● Work task
Reproduce exactly the line that includes "Đại diện lãnh" and all lines after it, ending with the last line of the data.

Caption-style text data
#####
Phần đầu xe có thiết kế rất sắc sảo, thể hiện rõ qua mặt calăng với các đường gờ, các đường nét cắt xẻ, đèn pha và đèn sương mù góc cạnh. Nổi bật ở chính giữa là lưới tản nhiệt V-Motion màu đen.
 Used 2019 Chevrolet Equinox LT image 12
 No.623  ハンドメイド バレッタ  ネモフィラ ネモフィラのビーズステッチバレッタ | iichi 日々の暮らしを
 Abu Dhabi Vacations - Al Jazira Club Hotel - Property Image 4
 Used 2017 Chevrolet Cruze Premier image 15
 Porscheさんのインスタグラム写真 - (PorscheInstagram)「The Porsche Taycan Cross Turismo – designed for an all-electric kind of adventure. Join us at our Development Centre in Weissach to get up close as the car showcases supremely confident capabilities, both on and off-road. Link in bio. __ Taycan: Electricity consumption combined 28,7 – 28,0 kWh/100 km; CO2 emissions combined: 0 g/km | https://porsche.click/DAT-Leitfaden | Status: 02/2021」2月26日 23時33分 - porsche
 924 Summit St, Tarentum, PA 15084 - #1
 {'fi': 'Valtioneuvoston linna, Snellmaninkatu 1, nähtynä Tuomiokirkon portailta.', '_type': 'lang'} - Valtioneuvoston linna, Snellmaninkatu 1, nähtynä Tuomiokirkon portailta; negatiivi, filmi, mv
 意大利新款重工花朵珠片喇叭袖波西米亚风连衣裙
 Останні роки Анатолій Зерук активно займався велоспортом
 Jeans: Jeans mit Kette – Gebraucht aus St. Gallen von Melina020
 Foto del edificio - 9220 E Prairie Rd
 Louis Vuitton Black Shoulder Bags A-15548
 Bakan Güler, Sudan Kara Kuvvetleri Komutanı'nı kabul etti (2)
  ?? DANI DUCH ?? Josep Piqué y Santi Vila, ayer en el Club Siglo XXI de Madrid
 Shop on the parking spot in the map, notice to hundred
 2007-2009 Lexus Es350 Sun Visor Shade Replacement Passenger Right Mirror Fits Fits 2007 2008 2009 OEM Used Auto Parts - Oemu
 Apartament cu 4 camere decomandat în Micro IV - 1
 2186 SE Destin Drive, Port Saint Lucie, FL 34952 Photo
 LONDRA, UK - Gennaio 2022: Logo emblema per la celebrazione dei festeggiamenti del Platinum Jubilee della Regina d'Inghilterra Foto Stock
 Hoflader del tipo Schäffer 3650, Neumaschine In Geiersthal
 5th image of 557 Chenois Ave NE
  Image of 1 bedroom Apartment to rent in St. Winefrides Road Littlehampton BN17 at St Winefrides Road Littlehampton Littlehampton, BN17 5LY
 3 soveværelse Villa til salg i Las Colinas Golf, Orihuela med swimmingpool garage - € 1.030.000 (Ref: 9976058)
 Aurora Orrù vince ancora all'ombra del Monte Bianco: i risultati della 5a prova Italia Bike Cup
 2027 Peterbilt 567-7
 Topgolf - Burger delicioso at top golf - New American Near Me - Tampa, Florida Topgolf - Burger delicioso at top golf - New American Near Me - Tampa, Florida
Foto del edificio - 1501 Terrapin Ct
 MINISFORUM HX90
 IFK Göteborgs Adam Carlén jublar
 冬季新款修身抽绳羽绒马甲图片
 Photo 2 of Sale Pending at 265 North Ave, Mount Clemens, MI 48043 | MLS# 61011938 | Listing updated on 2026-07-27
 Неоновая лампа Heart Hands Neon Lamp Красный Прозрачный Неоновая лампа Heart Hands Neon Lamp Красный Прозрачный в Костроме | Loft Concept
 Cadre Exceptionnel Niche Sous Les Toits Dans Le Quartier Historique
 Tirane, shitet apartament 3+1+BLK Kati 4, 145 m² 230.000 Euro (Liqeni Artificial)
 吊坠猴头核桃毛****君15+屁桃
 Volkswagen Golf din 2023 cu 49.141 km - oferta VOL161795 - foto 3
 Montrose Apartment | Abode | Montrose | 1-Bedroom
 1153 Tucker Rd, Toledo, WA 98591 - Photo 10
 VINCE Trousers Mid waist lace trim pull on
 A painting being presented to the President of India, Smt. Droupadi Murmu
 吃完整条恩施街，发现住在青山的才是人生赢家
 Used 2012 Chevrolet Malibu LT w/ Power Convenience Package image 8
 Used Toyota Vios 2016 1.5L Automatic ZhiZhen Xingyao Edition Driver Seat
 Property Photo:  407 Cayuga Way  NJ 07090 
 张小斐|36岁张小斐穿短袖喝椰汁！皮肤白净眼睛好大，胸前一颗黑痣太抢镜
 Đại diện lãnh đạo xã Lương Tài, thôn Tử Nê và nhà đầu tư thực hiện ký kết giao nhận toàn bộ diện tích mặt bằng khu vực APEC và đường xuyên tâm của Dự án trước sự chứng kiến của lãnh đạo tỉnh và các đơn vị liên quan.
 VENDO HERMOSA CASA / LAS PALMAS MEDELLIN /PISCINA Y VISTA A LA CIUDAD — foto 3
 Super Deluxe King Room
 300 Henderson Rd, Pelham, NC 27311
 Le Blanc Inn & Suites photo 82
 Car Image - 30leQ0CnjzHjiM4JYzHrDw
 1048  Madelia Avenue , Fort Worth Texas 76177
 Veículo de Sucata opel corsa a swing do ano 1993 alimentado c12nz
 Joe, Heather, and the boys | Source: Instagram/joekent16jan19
#####
● Solution for this exercise
 Đại diện lãnh đạo xã Lương Tài, thôn Tử Nê và nhà đầu tư thực hiện ký kết giao nhận toàn bộ diện tích mặt bằng khu vực APEC và đường xuyên tâm của Dự án trước sự chứng kiến của lãnh đạo tỉnh và các đơn vị liên quan.
 VENDO HERMOSA CASA / LAS PALMAS MEDELLIN /PISCINA Y VISTA A LA CIUDAD — foto 3
 Super Deluxe King Room
 300 Henderson Rd, Pelham, NC 27311
 Le Blanc Inn & Suites photo 82
 Car Image - 30leQ0CnjzHjiM4JYzHrDw
 1048  Madelia Avenue , Fort Worth Texas 76177
 Veículo de Sucata opel corsa a swing do ano 1993 alimentado c12nz
 Joe, Heather, and the boys | Source: Instagram/joekent16jan19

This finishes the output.